„Fischer macht den Weg frei für Jamaika“

Durch seinen Verzicht auf den Fraktionsvorsitz hält der Außenminister die schwarz-grüne Option offen, glaubt der Politologe Joachim Raschke

taz: Herr Raschke, vor der Wahl hatte Joschka Fischer angedeutet, er könne sich eine Zukunft als Oppositionsführer gut vorstellen. Warum will er jetzt nicht mehr?

Joachim Raschke: Er sagt der Partei damit, wenn ihr mich behalten wollt, dann ist das nur in einer neuen Regierung möglich.

Sie meinen, mit Union und FDP? Warum sollte er als rot-grüne Symbolfigur das tun?

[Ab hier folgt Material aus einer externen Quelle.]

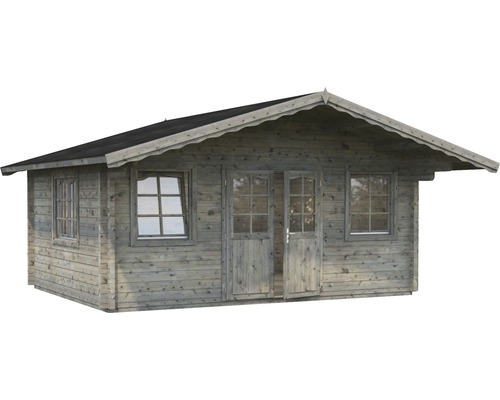 Gartenhaus aus Holz mit Fenstern und Doppeltür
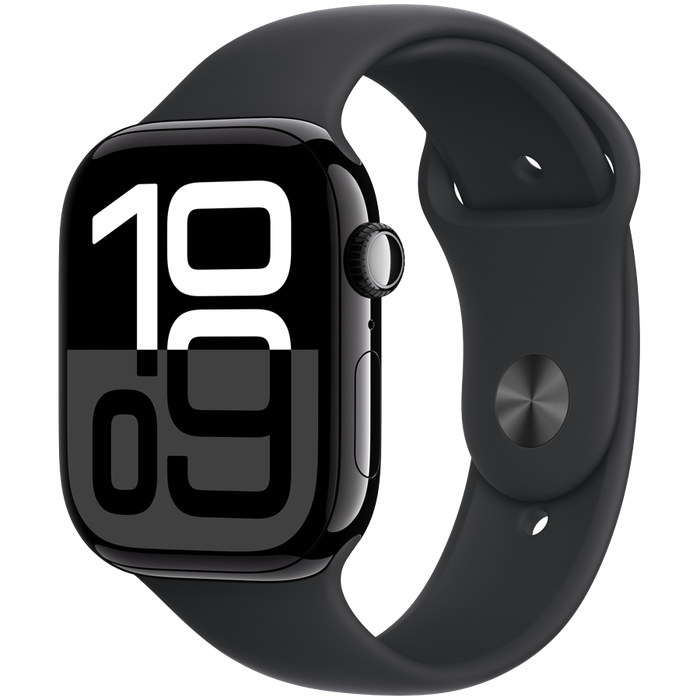 Apple Watch Series 10 GPS + Cellular 42mm Jet Black Aluminium Case with Black Sport Band - S/M,Mo...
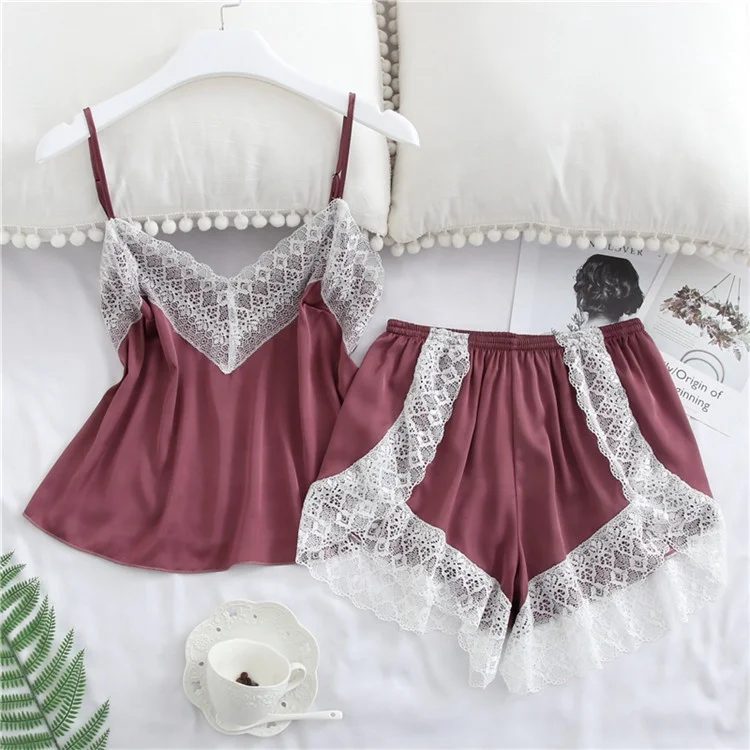 FS062 Multicolor Nude Women Babydoll Sling Short Ladies Erotic Photos Silk Sexy Pajamas Set Sexy Lace Lingerie Sleepwear Set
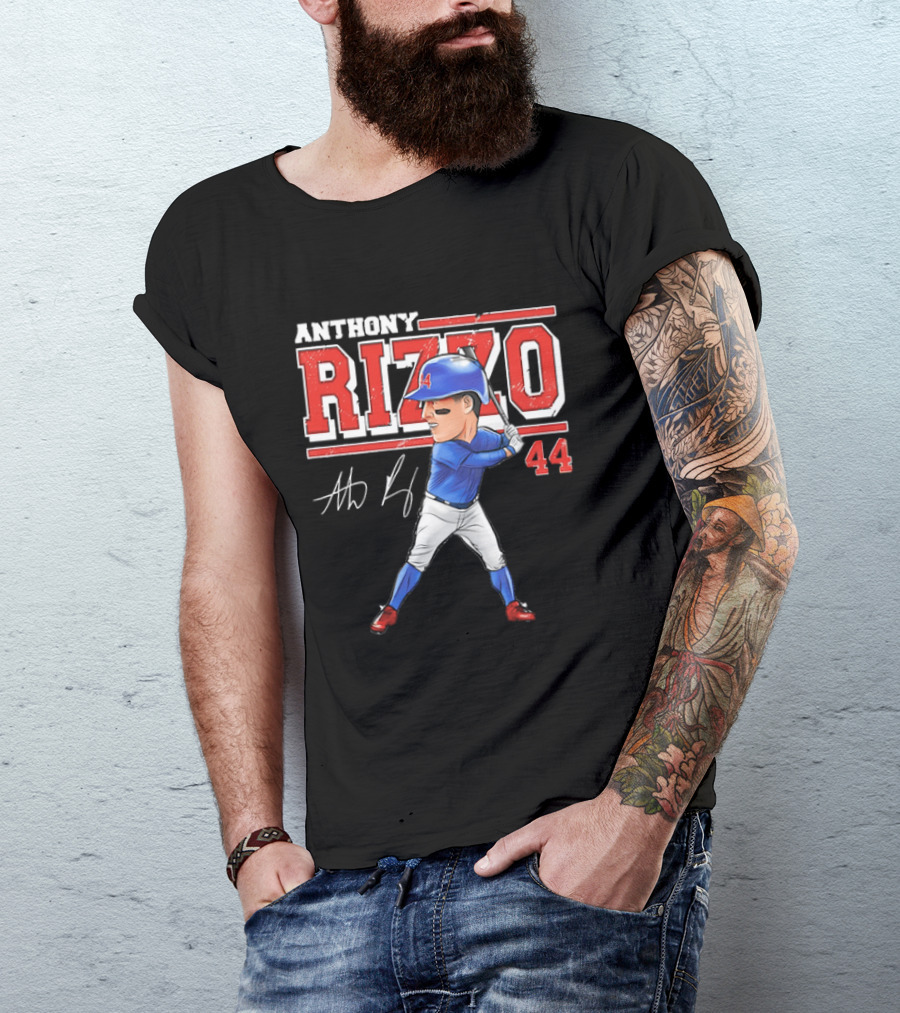 Anthony Rizzo 44 Baseball Player Caricature Batting Stance Distressed Signature T-Shirt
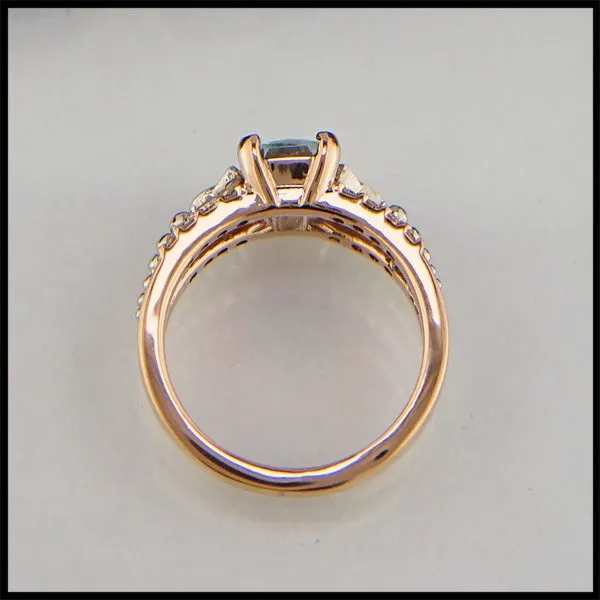 Rose Gold and Aquamarine Ring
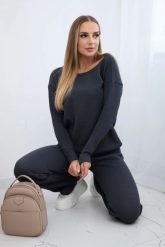 Komplet sweterkowy Bluza + Spodnie grafitowy. Szare bluzy damskie KESI, l, bez wzorów, z poliesteru, bez kaptura. Za 297.97 zł.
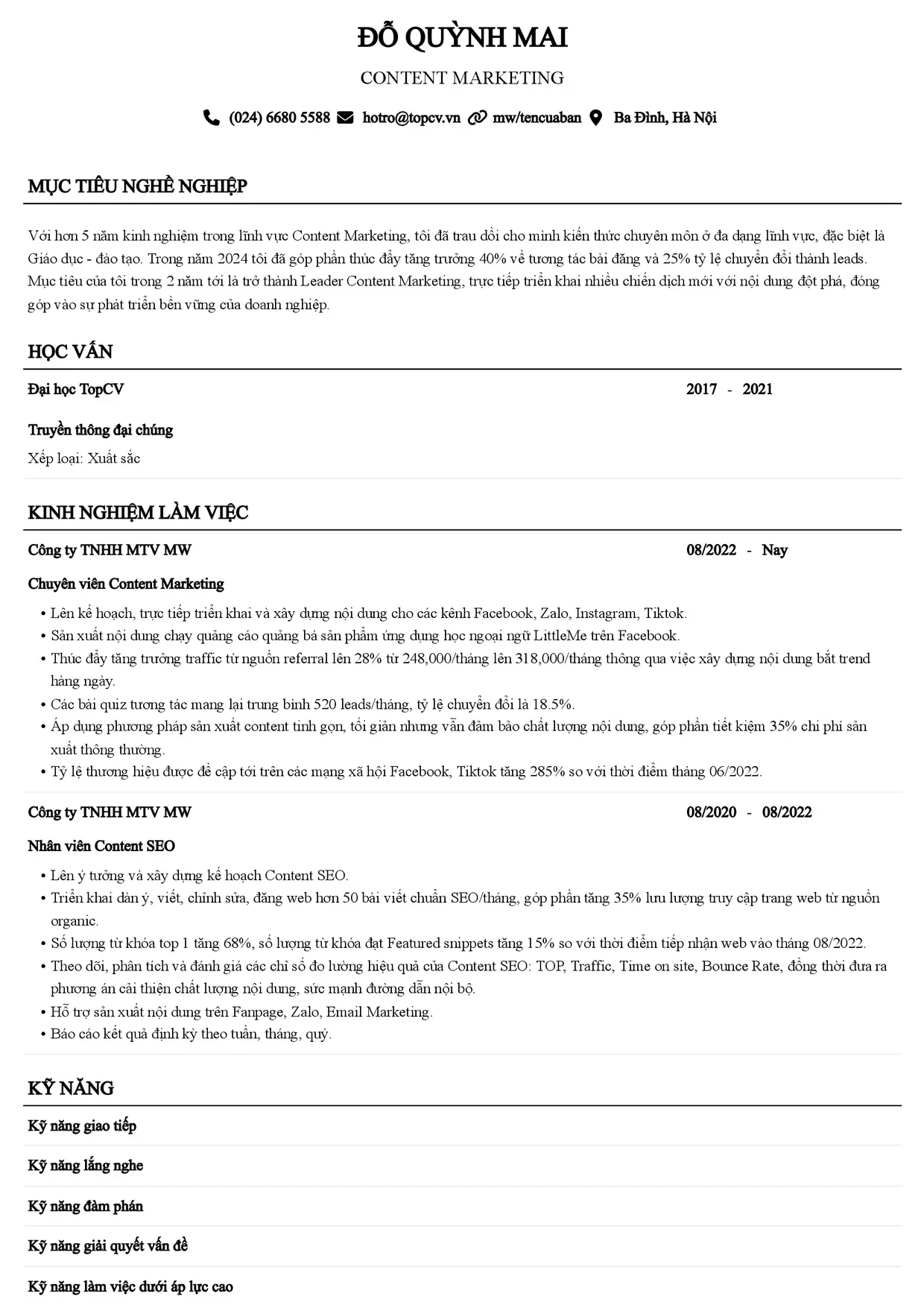 Mẫu CV xin việc Content Marketing style Senior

Weil die Grünen in dem Drehbuch, das die SPD schreibt, gar nicht mehr vorkommen. Gerhard Schröder hat Rot-Grün abgeschrieben. Sein Ziel ist es nur noch, Angela Merkel zum Rückzug zu zwingen. Dafür wäre er sogar bereit, sich selbst aus dem Spiel zu nehmen.

Fischer will dabei nicht mitspielen?

Seinen Verzicht auf den Fraktionsvorsitz kann man als Etappe auf dem Weg verstehen, doch noch eine Regierung mit grüner Beteiligung zustande zu bringen. In solchen Fällen wirft die grüne Basis den Spitzenleuten gerne vor, sie klebten nur an ihren Sesseln. Dem begegnet Fischer mit seinem Rückzug, und dadurch bekommt er freie Hand für ernsthafte Regierungsgespräche.

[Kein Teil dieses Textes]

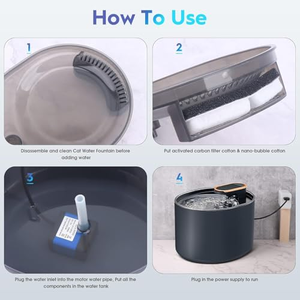 Fontaine à eau pour animaux de compagnie, accessoires pour chats, fontaine à circulation automatique avec filtration, distributeur d'eau silencieux pour chiens - Product Image 5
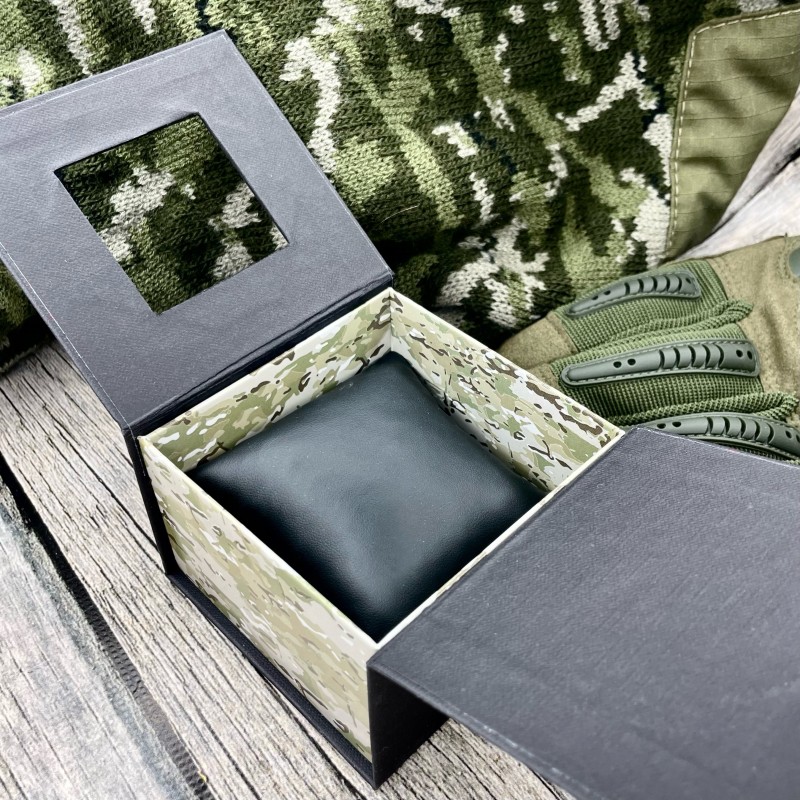 Подарочная картонная коробочка Boxes для часов черная-камуфляж (SKU: 1000-0253)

Sie glauben, dass er das wirklich will?

Wie die anderen Parteien werden auch die Grünen eine Weile brauchen, bis sie sich auf die neue Zeit eingestellt haben. Aber den reformpolitischen Notwendigkeiten käme das so genannte Jamaika-Bündnis noch am nächsten.

Wenn daraus nichts wird, was bedeutet Fischers Rückzug dann für eine grüne Oppositionspartei? Fehlt ohne ihn das „strategische Zentrum“, wie Sie einmal formuliert haben?

Nein. Die Grünen haben starke Parteivorsitzende, und als künftige Fraktionschefin ist Renate Künast unumstritten. Konflikte gibt es nur noch um den zweiten Platz. Wenn dieser Kampf ausgefochten ist, sind alle Führungsfragen für zwei Jahre entschieden. Das ist für den Neuanfang günstig.

Ist es auch günstig, dass Fischer als Hinterbänkler im Bundestag bleibt – wie einst Helmut Kohl?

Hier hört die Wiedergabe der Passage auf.